OSINT: Certificate Transparency Lists

NOTE: The wonderful people over at OSINT Curious wrote a similar blog post about this last year. The link is HERE. I recommend giving it a read if you want to know more about how to “hunt” using information from certificates.

It’s 2020 and I made myself a promise to try and write more blog posts about things so here is the first for the year. SSL/TLS certificates have been a great resource for a while now to identify, pivot from and hunt for infrastructure on the internet. The introduction of the Certificate Transparency Lists were first introduced by Google in 2013 after DigiNotar was compromised in 2011. It basically provides public logs of certificates issued by trusted certificate authorities and is a great source of intel for a number of functions (such as, but not limited to):

  • Detection of phishing websites
  • Brand/Reputation Monitoring
  • Tracking malicious infrastructure
  • Bug Bounties

For a long time newly registered/observed domains have been an indicator or potential malicious activity, for example if ebaythisisfake.com was registered you could guess that this was going to be a phishing website.
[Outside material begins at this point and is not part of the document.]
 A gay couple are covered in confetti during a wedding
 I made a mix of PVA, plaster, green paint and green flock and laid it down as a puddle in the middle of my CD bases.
The issue with watching for newly registered domains (it’s still a good indicator), is that a domain could be purchased and then not used for days/months/years.

The wonderful thing about using the CT lists is that the fact a certificate has been registered usually (probably 95% of the time) means that the infrastructure is active and in use, it also means that there is active DNS (required for requesting a certificate) for that domain and an IP address to investigate. It also allows you to catch when a legitimate domain has been compromised and is being used for malicious stuff, for example ebay.legitimatedomain.com which is why CT lists are great for catching phishing websites.
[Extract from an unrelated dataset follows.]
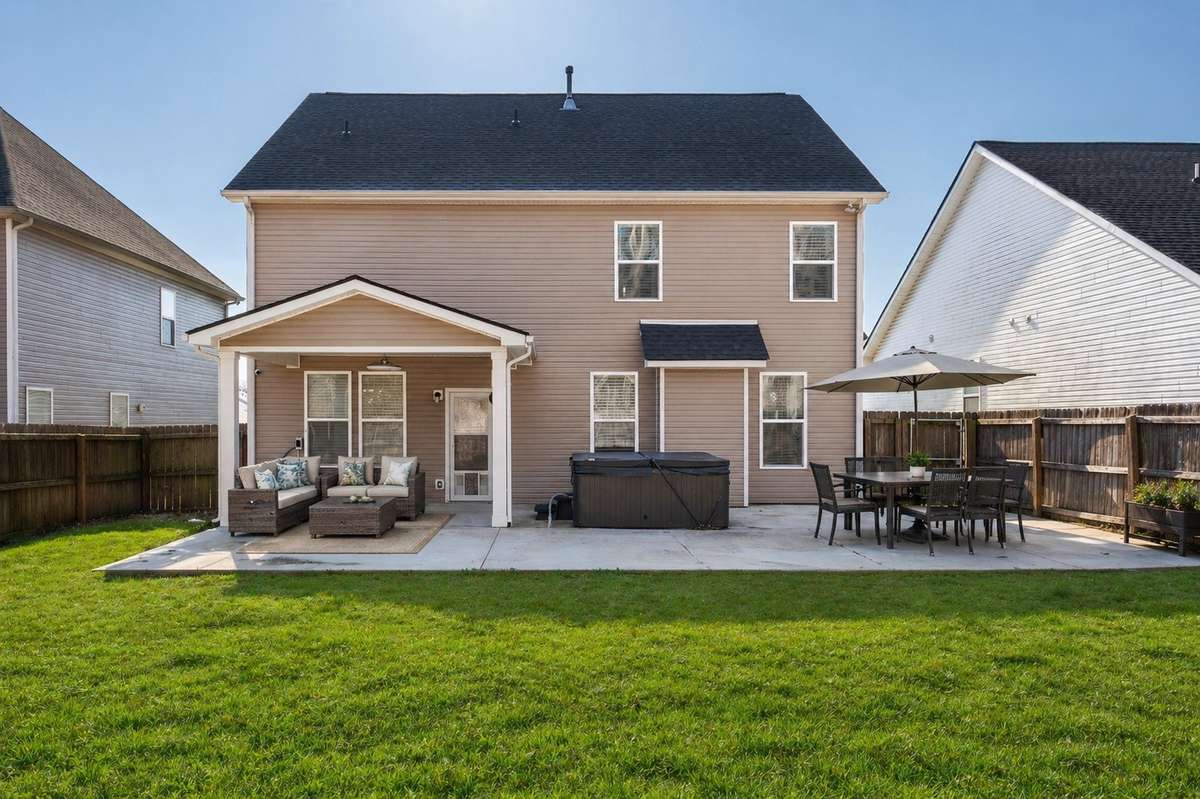 Enhanced & Staged – Imagine this space in the summer with lush green grass and outdoor furniture!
Since the initial launch of number of companies have started collecting the information published on the CT lists (why not it’s free), and either providing it as part of an existing service (Cyber Threat Intel), providing tools to look up specific domains (Facebook for example) or giving people access to the raw data in an easy to consume way (this is the one we are interested in).

It’s worth noting that while the CT lists are publicly available, the sheer volume of data generated by them means it’s much easier to use a feed from someone else than build your own, unless of course you want to..

For the rest of this post we are going to be focusing on one specific provider, which is from Calidog (https://certstream.calidog.io/), this company provide the data for free, and have a number of libraries for different programming languages and a command line tool as well.

The command line tool is python based so you can simply install it using Python’s PIP library (we use pip3 because Python 2.7 is end of life).

pip3 install certstream

Once it’s been installed you can then run “certstream” from the command line, running it without any options will just connect and start pulling down the firehose of certificate information.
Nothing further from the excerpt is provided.